··· Data shown ···

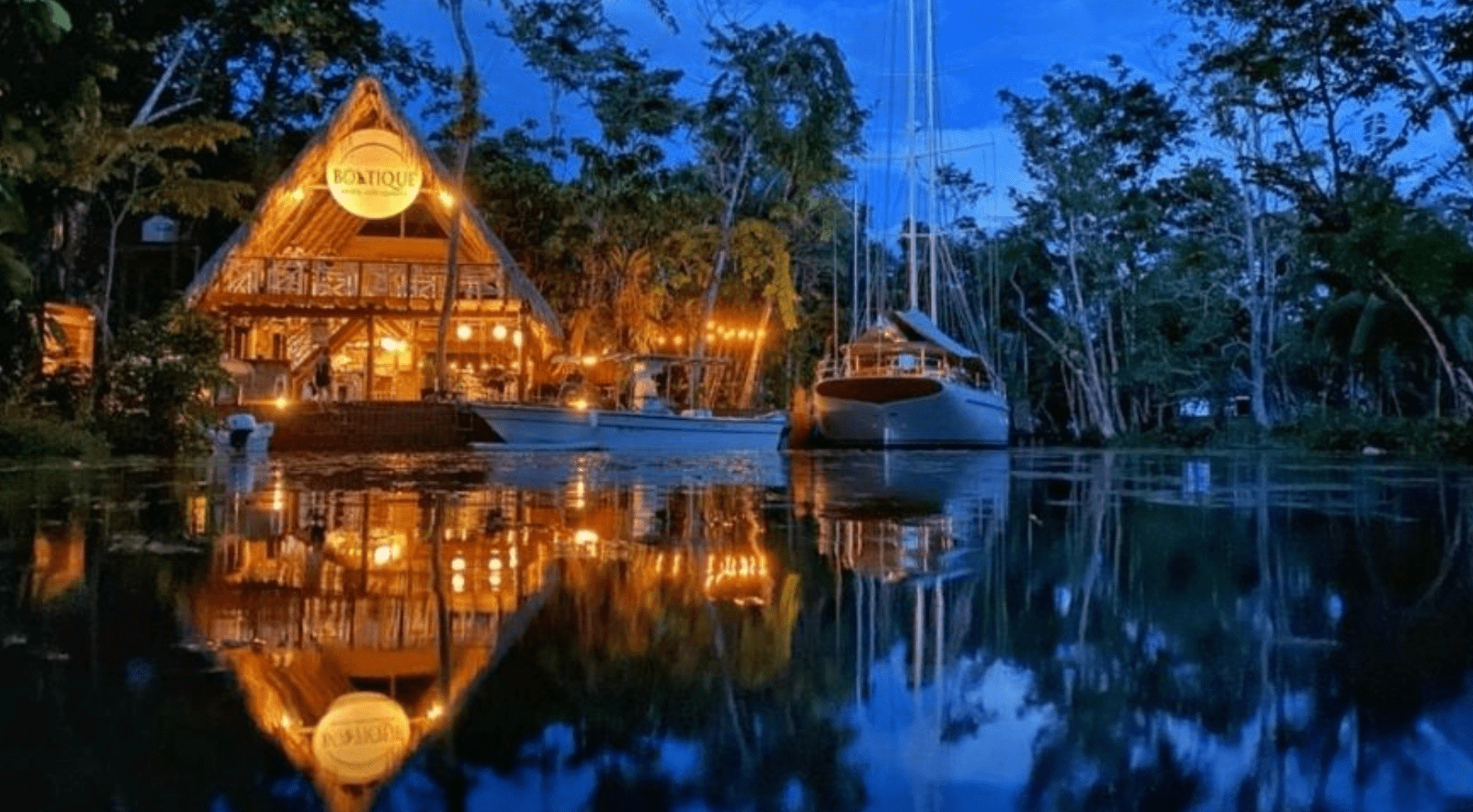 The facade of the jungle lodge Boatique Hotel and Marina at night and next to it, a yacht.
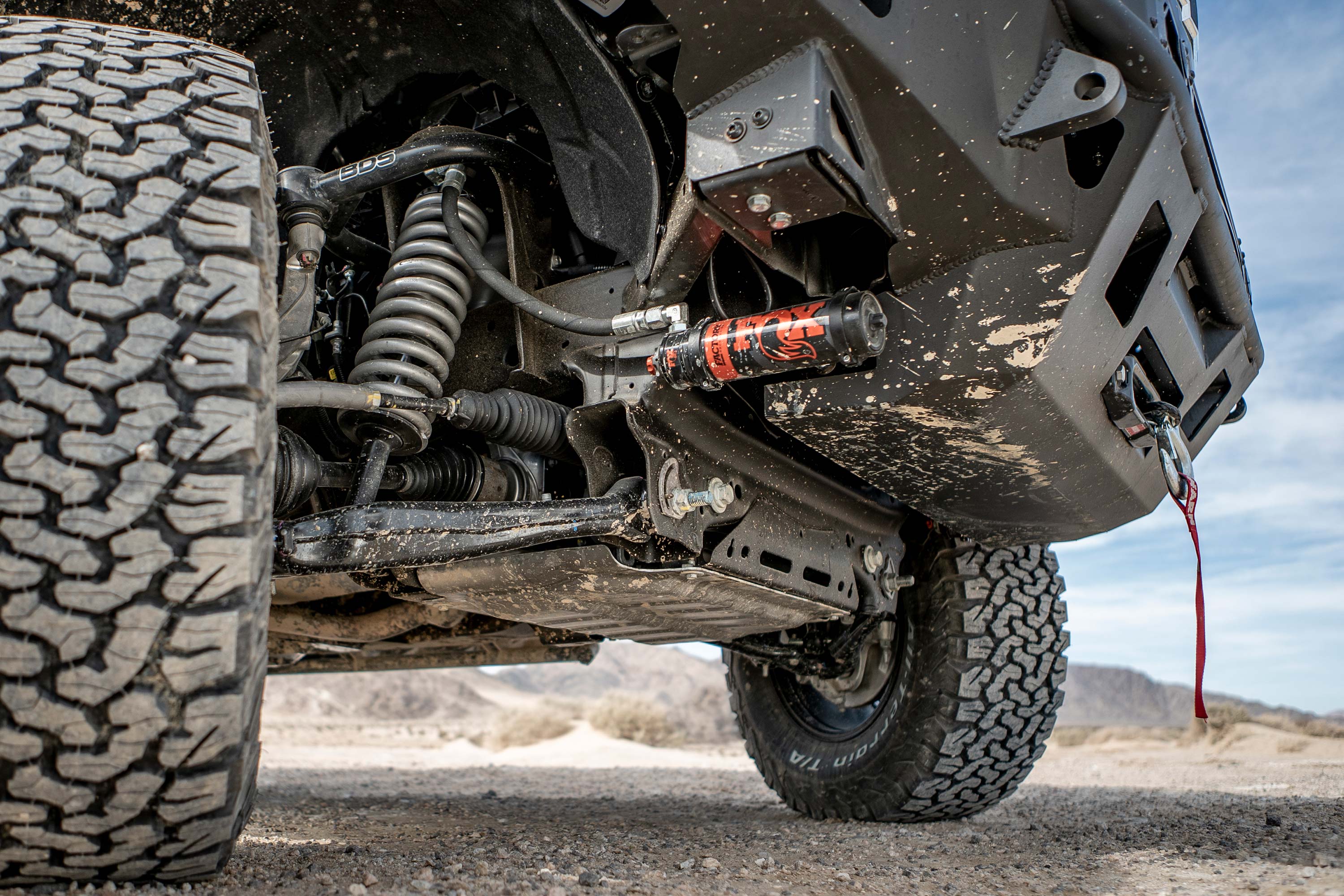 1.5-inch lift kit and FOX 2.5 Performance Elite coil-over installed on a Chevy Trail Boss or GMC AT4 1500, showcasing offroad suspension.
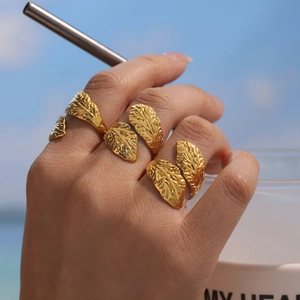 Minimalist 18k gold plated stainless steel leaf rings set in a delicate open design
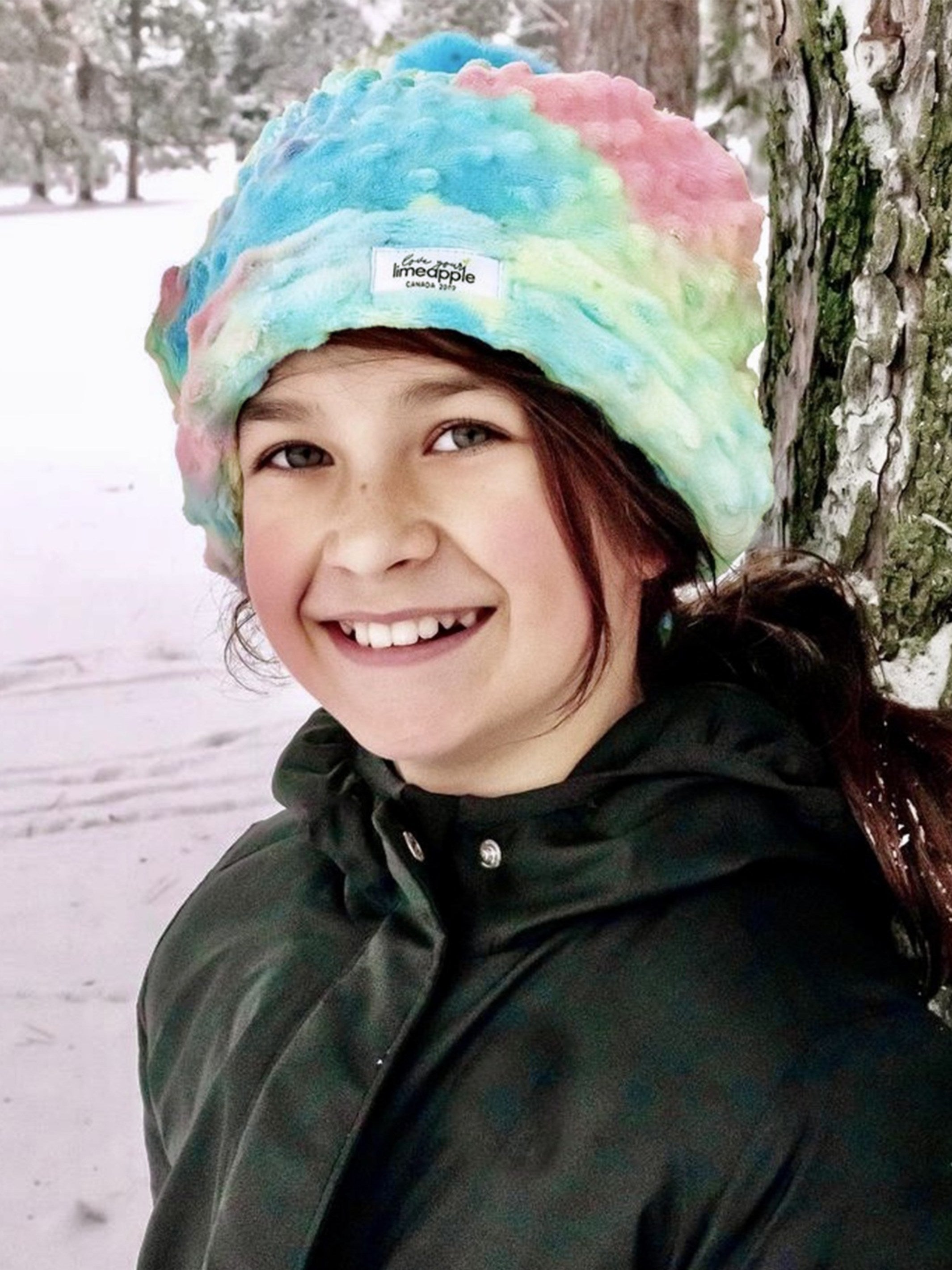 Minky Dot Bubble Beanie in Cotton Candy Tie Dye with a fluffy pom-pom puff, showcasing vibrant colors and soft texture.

···

Directions:
Output the data above exactly, beginning at its first line and ending with the line that holds "1.5-inch lift kit". Leave out the pictures and add nothing.

Solution to this task:
 The facade of the jungle lodge Boatique Hotel and Marina at night and next to it, a yacht.
 1.5-inch lift kit and FOX 2.5 Performance Elite coil-over installed on a Chevy Trail Boss or GMC AT4 1500, showcasing offroad suspension.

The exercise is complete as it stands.